Kapitalertragsteuer: Zinsen auf Erstattungsbeträge?

Besteht nach einer verweigerten bzw. verzögerten Erstattung von Kapitalertragsteuer ein Anspruch auf Zinsen? Der BFH hat klargestellt, dass zu Unrecht nicht erstattete Kapitalertragsteuerbeträge gemäß EU-Recht zu verzinsen sind. Der Zinslauf beginnt grundsätzlich drei Monate nach der Einreichung eines formal korrekten Erstattungsantrags und endet mit dem Tag der Auszahlung des Erstattungsbetrags.

Der Bundesfinanzhof (BFH) hat mit Urteil vom 25.02.2025 (VIII R 32/21) entschieden, dass Erstattungsbeträge zur Kapitalertragsteuer nach dem Unionsrecht zu verzinsen sind, wenn dem Anteilseigner/Steuerzahler vom Bundeszentralamt für Steuern (BZSt) die Erstattung der Kapitalertragsteuer unter Bezugnahme auf § 50d Abs. 3 EStG a.F. ohne Anhaltspunkte, die auf eine missbräuchliche Gestaltung im Einzelfall hindeuten, vorenthalten wird.

Sachlage im Streitfall

Die Klägerin, eine österreichische Kapitalgesellschaft, war an einer deutschen Aktiengesellschaft beteiligt und beantragte beim BZSt die Freistellung von der deutschen Kapitalertragsteuer gem. § 43b EStG. 

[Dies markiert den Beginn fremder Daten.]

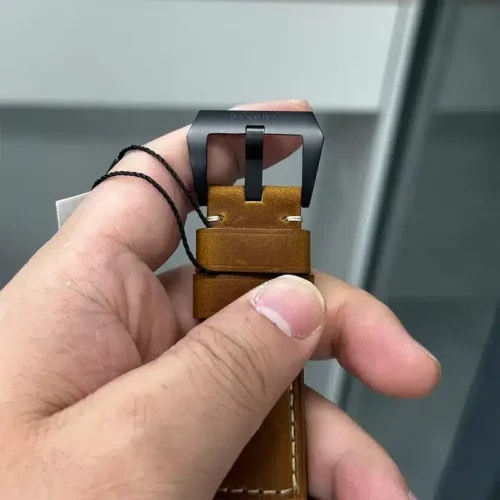 Black pin buckle on the tan strap, tag cord still attached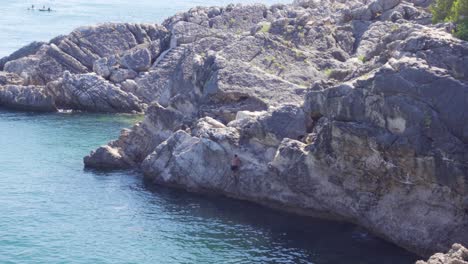 A-Person-Climbing-the-Cliff-from-the-Water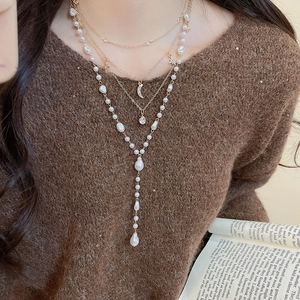 Detailed view of triple-layered gold necklace with pearls and star moon pendants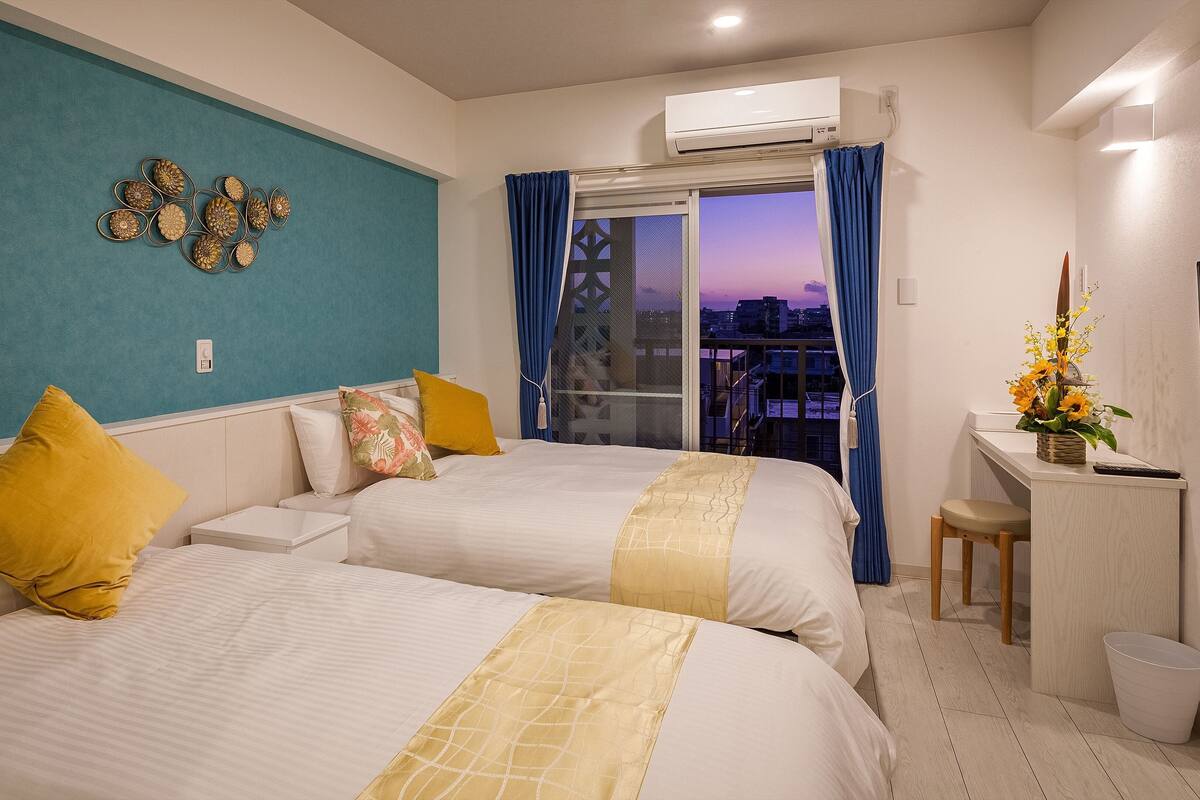 Ein Hotelzimmer mit zwei Betten, einem Schreibtisch mit Stuhl, einem Fenster mit Vorhängen, einer Klimaanlage und einem Wandbild.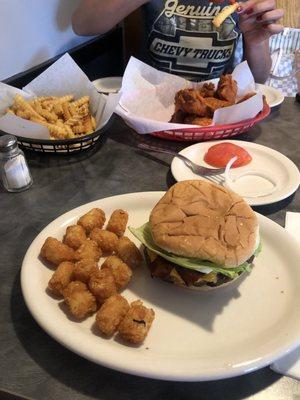 Cheddar bacon burger with tots and buffalo wings with fries.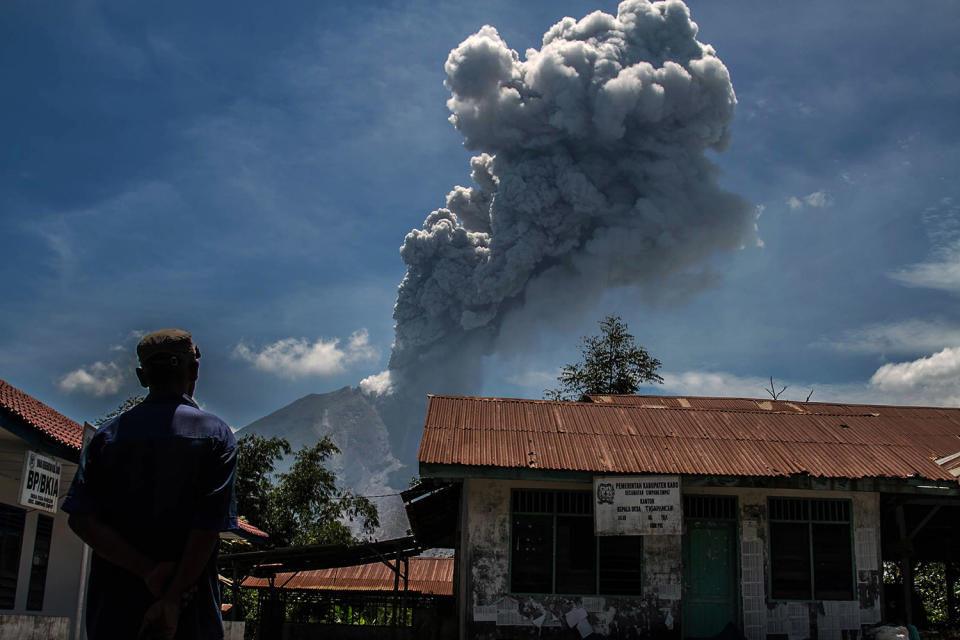 A resident watched as Sinabung volcano spews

Das BZSt lehnte dies unter Verweis auf § 50d Abs. 3 EStG a.F. ab, da es einen steuerlichen Gestaltungsmissbrauch vermutete. 

Die Einsprüche gegen die Ablehnung der Anträge wurden wegen laufender Musterverfahren vor dem Europäischen Gerichtshof (EuGH) ausgesetzt.

Nach den EuGH-Entscheidungen vom 20.12.2017 (C-504/16 und C-613/16) zur Unionsrechtswidrigkeit des § 50d Abs. 3 EStG a.F. erstattete das BZSt die einbehaltene Kapitalertragsteuer. 

Die österreichische Gesellschaft beantragte daraufhin die Festsetzung von Zinsen für den Zeitraum vom Steuereinbehalt bis zur Auszahlung der Erstattungsbeträge. Das BZSt lehnte die Zinszahlung ab. 

Nach erfolglosem Einspruchsverfahren erhob die Klägerin eine Untätigkeitsklage, welcher das Finanzgericht nur teilweise stattgab. Der BFH sah die Revision der Klägerin als begründet an.

Verzinsung von Kapitalertragsteuererstattungen

Steueransprüche werden grundsätzlich nur verzinst, soweit dies durch Bundesrecht oder Recht der Europäischen Union vorgeschrieben ist. 

Nach nationalem Recht kommt eine Verzinsung von erstatteten Abzugsteuerbeträgen, wie der Kapitalertragsteuer, gem. § 233a Abs. 1 AO nicht in Betracht. 

Allerdings besteht nach der Rechtsprechung des EuGH ein Anspruch auf Rückzahlung unrechtmäßig nach EU-Recht erhobener Steuern zzgl. Zinsen. 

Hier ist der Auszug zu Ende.